- Origin: North Carolina, U.S.
- Genres: Old time
- Website: redclayramblers.com

= Red Clay Ramblers =

US musical group

The Red Clay Ramblers are a North Carolina–based band founded in Durham, North Carolina, performing continuously since their formation in 1972. The current touring band has been together since 1987, with Jack Herrick (trumpet, bass), Bland Simpson (piano), Clay Buckner (fiddle), and Chris Frank (guitar). The original members included Mike Craver (guitar) Tommy Thompson (banjo), Bill Hicks (fiddle), and Jim Watson (mandolin, bass).

==Career==
Mike Craver joined Red Clay Ramblers in 1973, and recorded with them on their first record, which was released by Folkways under the title The Red Clay Ramblers with Fiddlin' Al McCanless. The quartet continued their recording career with Stolen Love on the Flying Fish label, recorded in 1974 and released in 1975 during their successful run in "Diamond Studs." Jack Herrick joined the band in 1976 as a bass and trumpet player. The band recorded, concertized and performed in theatrical productions, most notably Diamond Studs (Bland Simpson/Jim Wann) off-Broadway in 1975. Their 1977 recording, Merchants Lunch, described a trucker's disastrous visit to a Nashville diner. (The diner still exists at the same location, but has been renamed the "Merchant's Restaurant").

The recordings produced by the Red Clay Ramblers during their first decade include Stolen Love, Twisted Laurel, Merchants Lunch, Meeting in the Air, Chuckin' the Frizz, and Hard Times, all on the Flying Fish label, and all available as CDs through Rounder Records. The first decade of the Ramblers also produced album-collaborations with other musicians, including Debby McClatchy in 1976 and Si Kahn in 1981. Chuckin' the Frizz is noteworthy as a live album. Meeting is an album of all Carter Family songs featuring the singing of Tommy Thompson, Mike Craver, and Jim Watson. These early albums featured several writing collaborations by Mike Craver and Tommy Thompson, the most "famous" of which are "Merchants Lunch" and "The Ace." Debby McClatchy recorded Hicks' most infamous original composition, "You Were Only F**king, While I Was Making Love."
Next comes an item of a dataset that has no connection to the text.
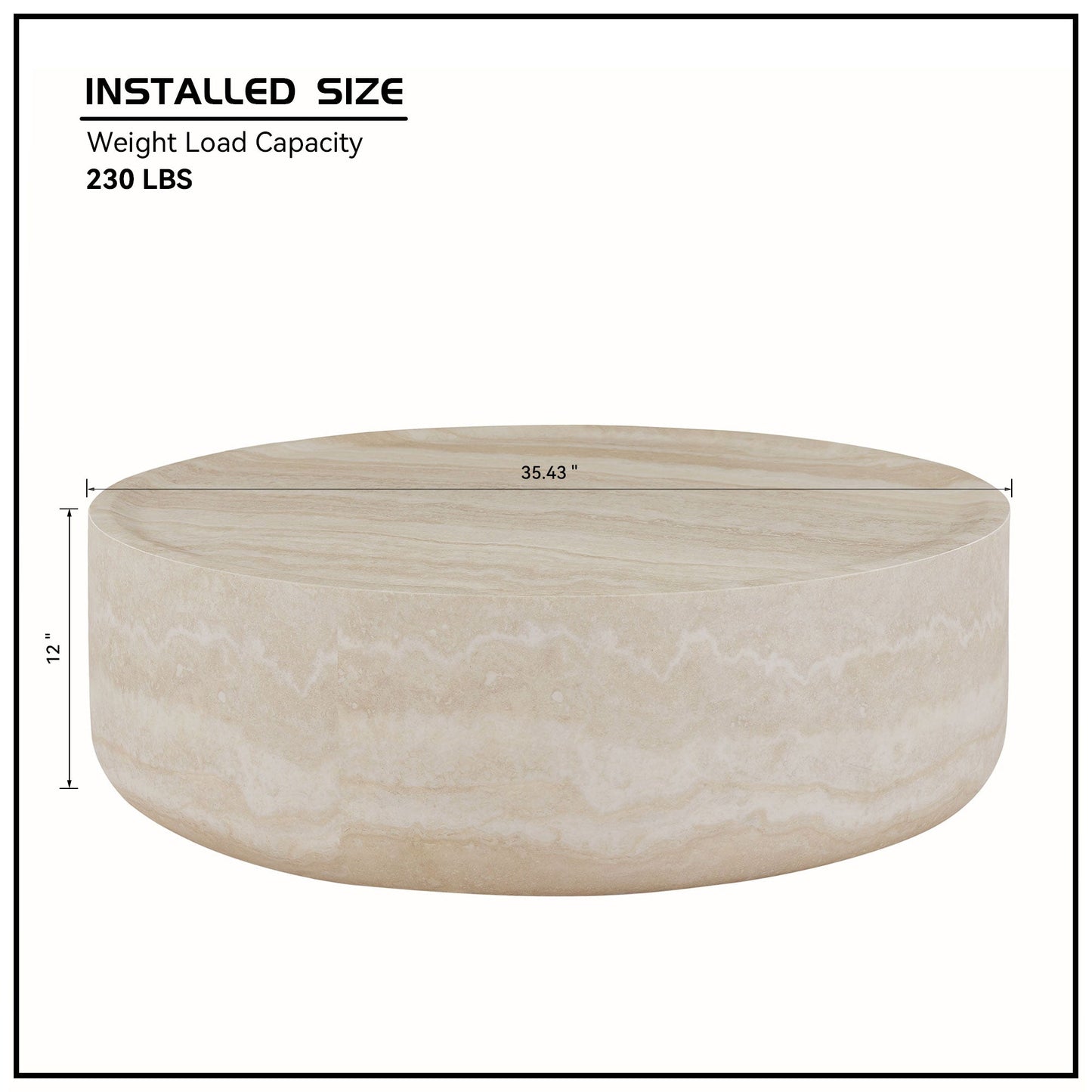 Willowed 35.43" Round Coffee Table with Mars Pattern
Fiddler Clay Buckner joined the band when fiddler Bill Hicks left the band in 1981. The Red Clay Ramblers continued to perform steadily, including an Off-Broadway production of Sam Shepard's Lie of the Mind in 1985–86. Following that production the personnel of the group changed, with Shawn Colvin and Bland Simpson replacing Watson and Craver. Colvin left the band August 1987, replaced by Chris Frank on guitar-accordion-tuba.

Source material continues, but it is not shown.